Exercise instructions -
Reproduce nothing but the closing run of lines: the line with "JMP Wasser-Radiator KHL_7760039" and each line that follows it to the end of the data.

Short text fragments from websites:
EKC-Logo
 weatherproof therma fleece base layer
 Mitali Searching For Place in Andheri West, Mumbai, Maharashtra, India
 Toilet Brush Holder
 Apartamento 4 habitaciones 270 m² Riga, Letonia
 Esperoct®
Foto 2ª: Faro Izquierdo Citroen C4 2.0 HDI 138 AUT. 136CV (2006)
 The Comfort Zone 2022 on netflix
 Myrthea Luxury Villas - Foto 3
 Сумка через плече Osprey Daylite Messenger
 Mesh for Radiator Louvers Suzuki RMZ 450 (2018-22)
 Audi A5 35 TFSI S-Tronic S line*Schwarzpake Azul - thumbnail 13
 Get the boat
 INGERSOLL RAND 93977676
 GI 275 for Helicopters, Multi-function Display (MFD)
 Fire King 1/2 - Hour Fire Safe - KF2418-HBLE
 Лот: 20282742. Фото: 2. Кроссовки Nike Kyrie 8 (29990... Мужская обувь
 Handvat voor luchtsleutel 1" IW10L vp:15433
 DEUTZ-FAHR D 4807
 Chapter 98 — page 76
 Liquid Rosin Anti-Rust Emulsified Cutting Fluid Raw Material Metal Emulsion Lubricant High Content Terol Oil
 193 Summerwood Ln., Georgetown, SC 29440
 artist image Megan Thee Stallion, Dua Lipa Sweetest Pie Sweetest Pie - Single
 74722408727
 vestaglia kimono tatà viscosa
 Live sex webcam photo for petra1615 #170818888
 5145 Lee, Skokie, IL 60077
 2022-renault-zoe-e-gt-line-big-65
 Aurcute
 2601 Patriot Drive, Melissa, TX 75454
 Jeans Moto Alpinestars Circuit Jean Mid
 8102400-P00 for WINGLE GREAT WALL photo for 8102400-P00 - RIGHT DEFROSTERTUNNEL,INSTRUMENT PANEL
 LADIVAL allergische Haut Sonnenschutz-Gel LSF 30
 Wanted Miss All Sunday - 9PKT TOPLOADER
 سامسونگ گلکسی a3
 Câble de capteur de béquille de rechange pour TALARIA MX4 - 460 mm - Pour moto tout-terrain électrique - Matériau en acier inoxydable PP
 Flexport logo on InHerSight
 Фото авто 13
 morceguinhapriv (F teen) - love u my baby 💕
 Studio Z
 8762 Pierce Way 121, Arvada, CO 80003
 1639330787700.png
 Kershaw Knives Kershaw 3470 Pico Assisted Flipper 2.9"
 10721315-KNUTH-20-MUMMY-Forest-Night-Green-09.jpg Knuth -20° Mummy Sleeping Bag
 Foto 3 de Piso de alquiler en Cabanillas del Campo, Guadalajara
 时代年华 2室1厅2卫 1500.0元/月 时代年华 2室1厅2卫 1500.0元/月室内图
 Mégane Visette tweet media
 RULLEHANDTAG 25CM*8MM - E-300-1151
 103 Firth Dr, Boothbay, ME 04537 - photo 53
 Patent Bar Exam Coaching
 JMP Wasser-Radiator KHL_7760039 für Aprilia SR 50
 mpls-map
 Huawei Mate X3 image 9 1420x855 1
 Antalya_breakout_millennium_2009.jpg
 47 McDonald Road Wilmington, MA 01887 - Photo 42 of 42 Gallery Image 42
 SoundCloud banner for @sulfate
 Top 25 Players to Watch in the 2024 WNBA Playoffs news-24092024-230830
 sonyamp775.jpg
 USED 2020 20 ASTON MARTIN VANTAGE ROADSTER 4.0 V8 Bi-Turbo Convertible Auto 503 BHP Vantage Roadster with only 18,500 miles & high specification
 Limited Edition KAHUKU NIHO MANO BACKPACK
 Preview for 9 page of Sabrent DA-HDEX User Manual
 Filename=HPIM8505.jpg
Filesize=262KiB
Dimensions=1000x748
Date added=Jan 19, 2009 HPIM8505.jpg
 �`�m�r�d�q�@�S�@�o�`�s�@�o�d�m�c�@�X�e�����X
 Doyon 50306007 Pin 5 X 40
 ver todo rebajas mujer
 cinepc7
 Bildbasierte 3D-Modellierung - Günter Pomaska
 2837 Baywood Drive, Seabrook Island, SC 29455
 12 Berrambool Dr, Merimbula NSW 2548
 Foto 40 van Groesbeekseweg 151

Your solution -
 JMP Wasser-Radiator KHL_7760039 für Aprilia SR 50
 mpls-map
 Huawei Mate X3 image 9 1420x855 1
 Antalya_breakout_millennium_2009.jpg
 47 McDonald Road Wilmington, MA 01887 - Photo 42 of 42 Gallery Image 42
 SoundCloud banner for @sulfate
 Top 25 Players to Watch in the 2024 WNBA Playoffs news-24092024-230830
 sonyamp775.jpg
 USED 2020 20 ASTON MARTIN VANTAGE ROADSTER 4.0 V8 Bi-Turbo Convertible Auto 503 BHP Vantage Roadster with only 18,500 miles & high specification
 Limited Edition KAHUKU NIHO MANO BACKPACK
 Preview for 9 page of Sabrent DA-HDEX User Manual
 Filename=HPIM8505.jpg
Filesize=262KiB
Dimensions=1000x748
Date added=Jan 19, 2009 HPIM8505.jpg
 �`�m�r�d�q�@�S�@�o�`�s�@�o�d�m�c�@�X�e�����X
 Doyon 50306007 Pin 5 X 40
 ver todo rebajas mujer
 cinepc7
 Bildbasierte 3D-Modellierung - Günter Pomaska
 2837 Baywood Drive, Seabrook Island, SC 29455
 12 Berrambool Dr, Merimbula NSW 2548
 Foto 40 van Groesbeekseweg 151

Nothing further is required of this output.